Updated: Dataset source has been updated utilizing RSS feeds from global news outlets in multiple languages, aggregate them, and stream them into Kafka for real-time translation.
Updated Project Pipeline
1 & 2. Data Collection and Storage
- Data Source: Use RSSHub to aggregate multilingual news feeds from international news outlets (e.g., BBC, CNN, Le Monde, El País).
- Data Fetching:
- Set up a Python script to periodically fetch RSS feed entries for each language via RSSHub.
- Each feed entry includes the article’s title, summary, publication date, and link.
- Data Formatting:
- Convert fetched news articles to JSON format with fields such as
title
, summary
, published
, language
, and link
.
- Streaming to Kafka:
- Send each formatted article to a specific Kafka topic based on its language (e.g.,
news_english
, news_spanish
).
- Batch Processing and Storage:
- Optional: Store JSON batches locally or upload to AWS S3 for backup or batch processing.

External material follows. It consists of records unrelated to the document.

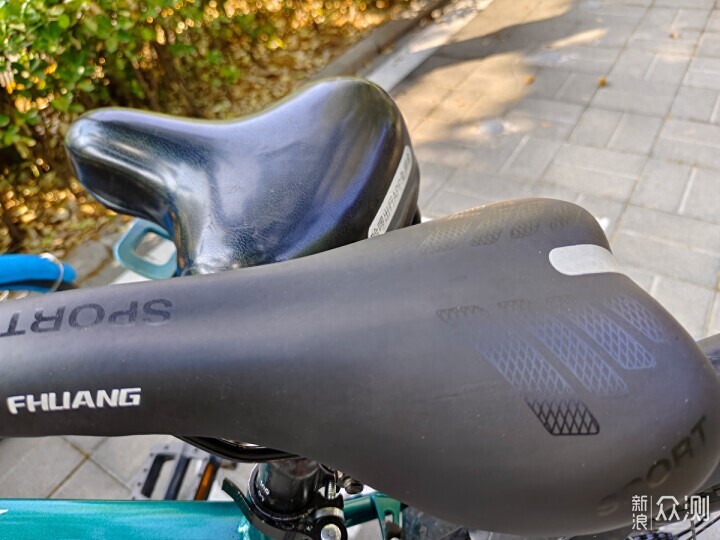 自由骑行来记录新手第一款变速自行车的细节_新浪众测
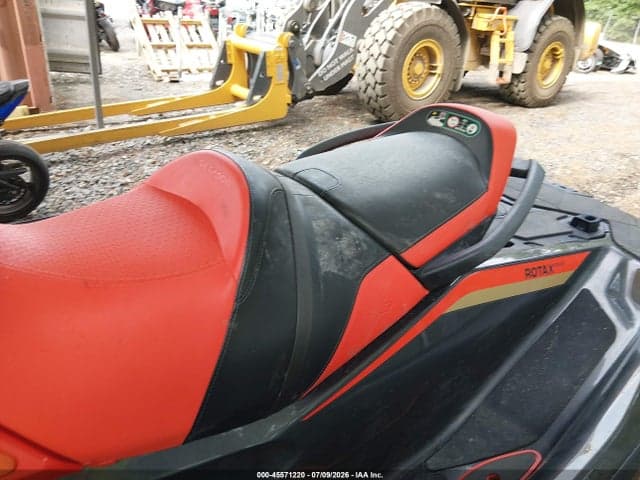 2020 BOMBARDIER SEADOO RXT-X300 8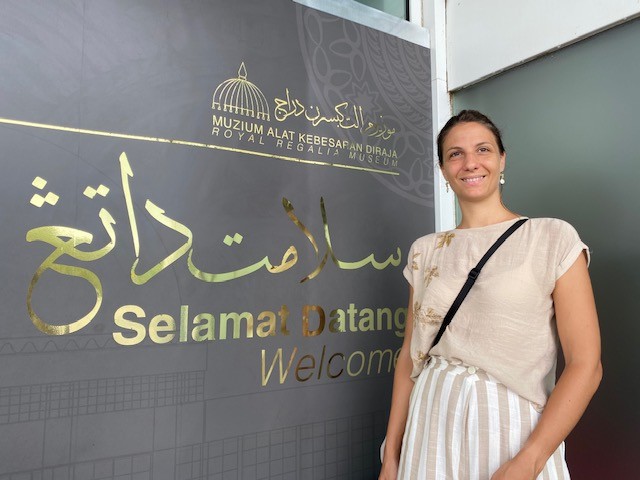 All'ingresso del Museo delle regalie per il matrimonio del Sultano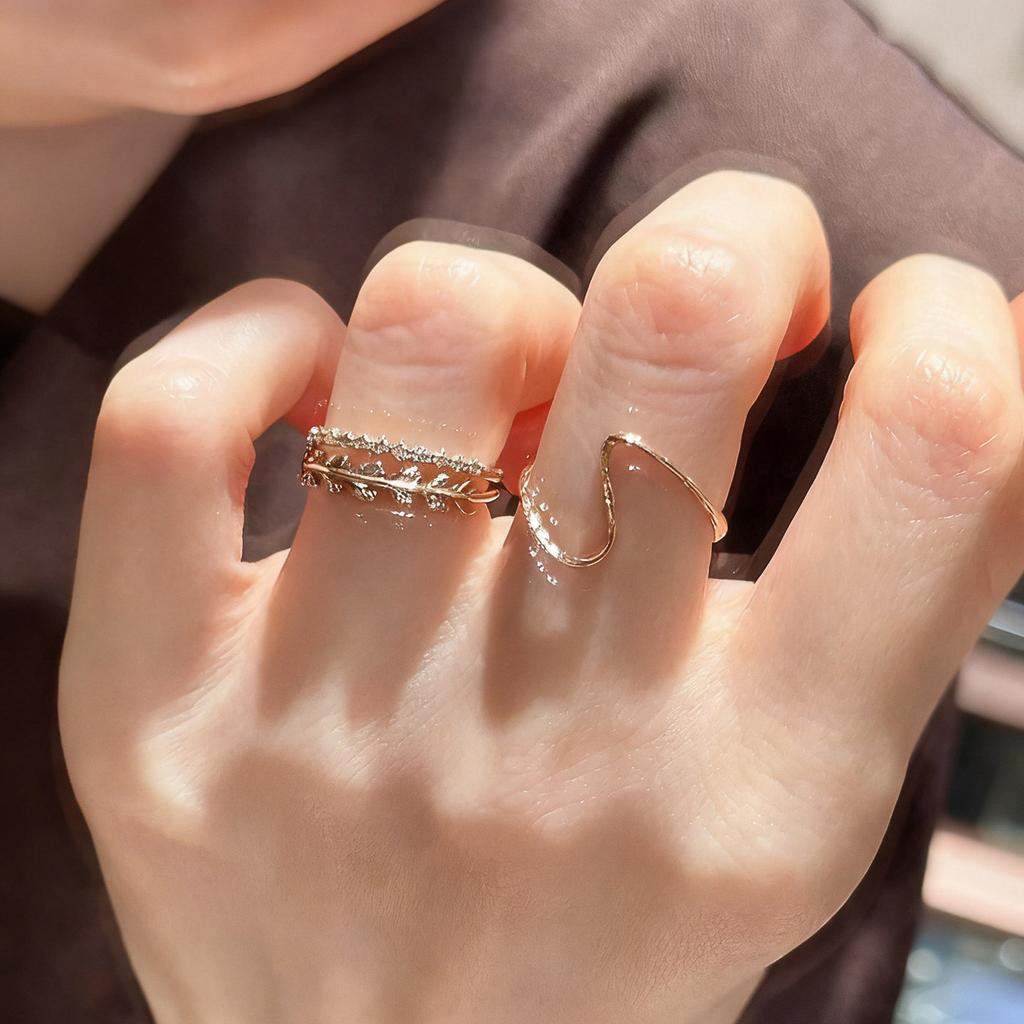 Creative Inlay Diamonds Stacking Style Double Layered Leaf Ring for Women Simple Wave Gloss Ring Adjustable Party Jewelry Gift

3. Real-Time Processing and Translation Pipeline (Kafka Consumers)
- Kafka Producer:
- A producer script fetches articles from RSSHub, formats them, and streams them into the appropriate Kafka topic.
- Kafka Topics:
- Each language has a dedicated Kafka topic (e.g.,
news_english
, news_spanish
), allowing for easy language-based processing.
- Kafka Consumers:
- Each consumer reads from a specific language-based Kafka topic.
4. Connect Hugging Face with Fast API & Kubernetes Deployment and Autoscaling
- Translation Service:
- Forward messages to your translation model hosted as a FastAPI microservice on Kubernetes.
- The model processes each message, translating it in real time.
- Translated Output:
- The translated messages are returned to Kafka or stored in a database for downstream applications (e.g., monitoring, analytics).
- Microservice Deployment:
- The FastAPI translation service is containerized and deployed on Google Kubernetes Engine (GKE).
- Horizontal Pod Autoscaling (HPA):
- HPA dynamically adjusts the number of translation service instances based on incoming traffic to ensure efficiency and reliability during high-traffic periods.